- Opening Delimiter -

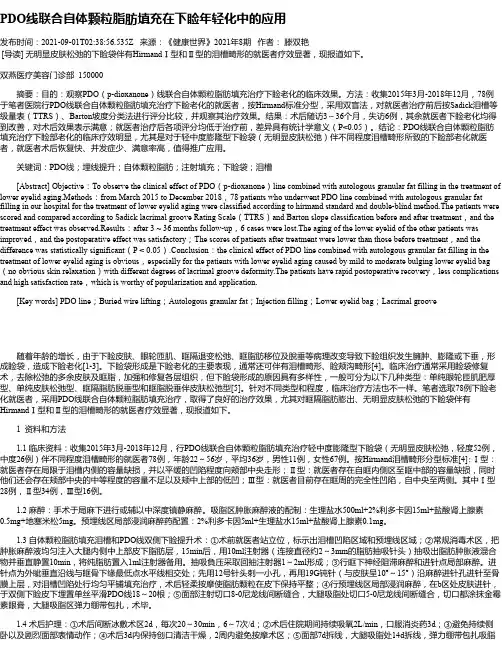 PDO线联合自体颗粒脂肪填充在下睑年轻化中的应用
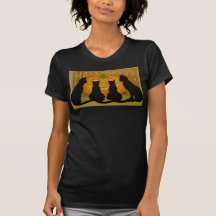 Vintage Halloween Cats and Jack O'Lantern Tee Shirt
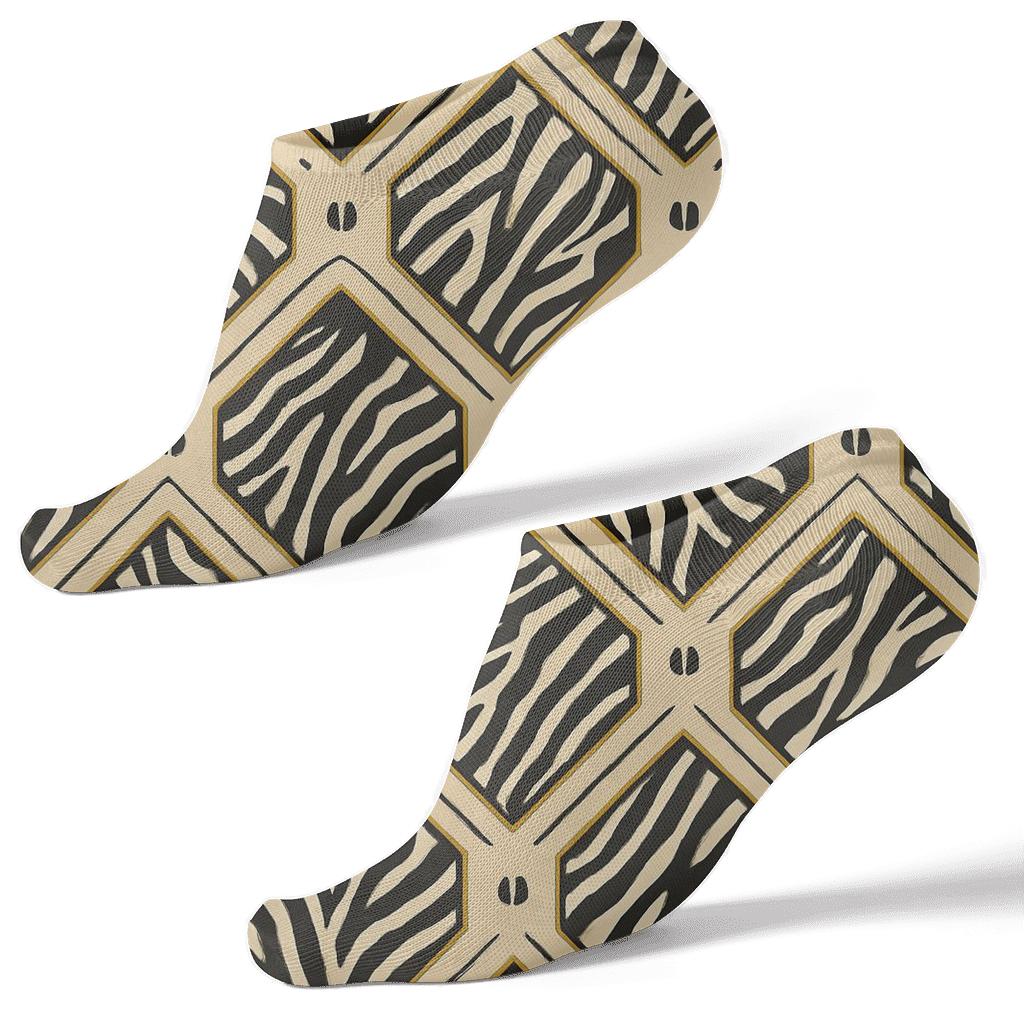 Zebra Chevron Mosaic unique graphic ankle socks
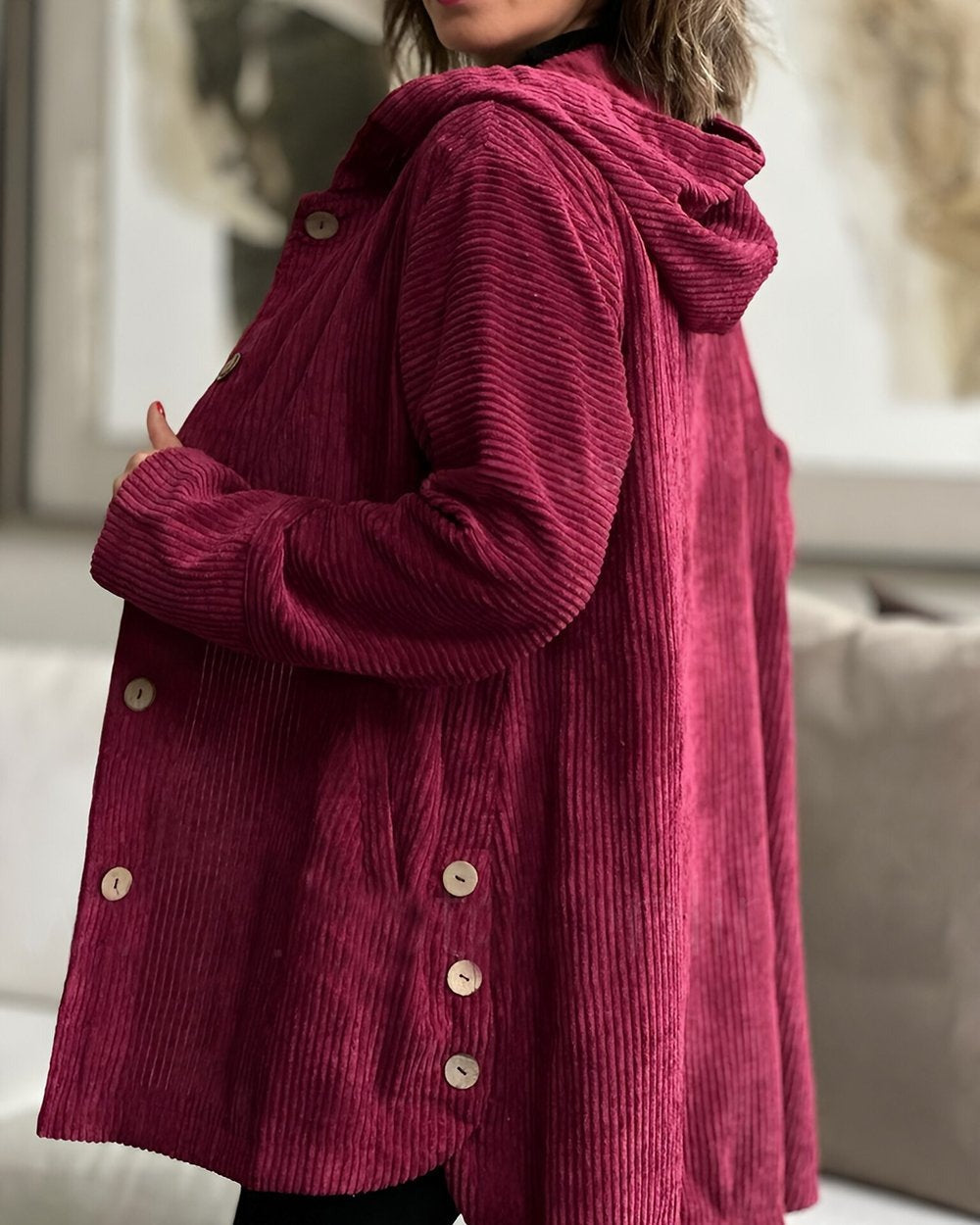 Clara | Cozy Corduroy Hooded Jacket
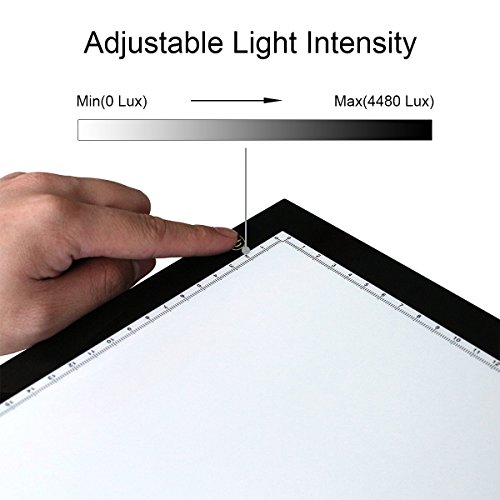 Huion 17.7 „Extra Thin Licht PAD 5mm LED-Zeichnung kopieren Tracing Schablone Verpflegung Tabelle Tatoo Pad Translucent Leuchtkasten mit Multifunktionshalter, Zeichenbrett Clip, Pauspapier (L4S Holder) - 4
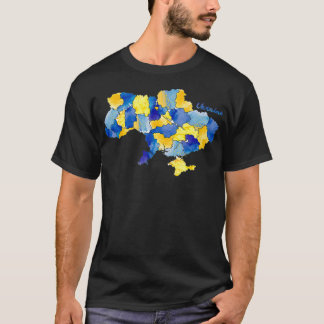 Ich stehe mit der Ukraine Karte Aquarell Souv T-Shirt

- Closing Delimiter -

TASK PROMPT ->
Pictures should not appear; only the lines from the start of the listing above to the line containing "Clara | Cozy Corduroy Hooded Jacket", both ends included, are to be repeated exactly.

EXERCISE RESPONSE ->
 PDO线联合自体颗粒脂肪填充在下睑年轻化中的应用
 Vintage Halloween Cats and Jack O'Lantern Tee Shirt
 Zebra Chevron Mosaic unique graphic ankle socks
 Clara | Cozy Corduroy Hooded Jacket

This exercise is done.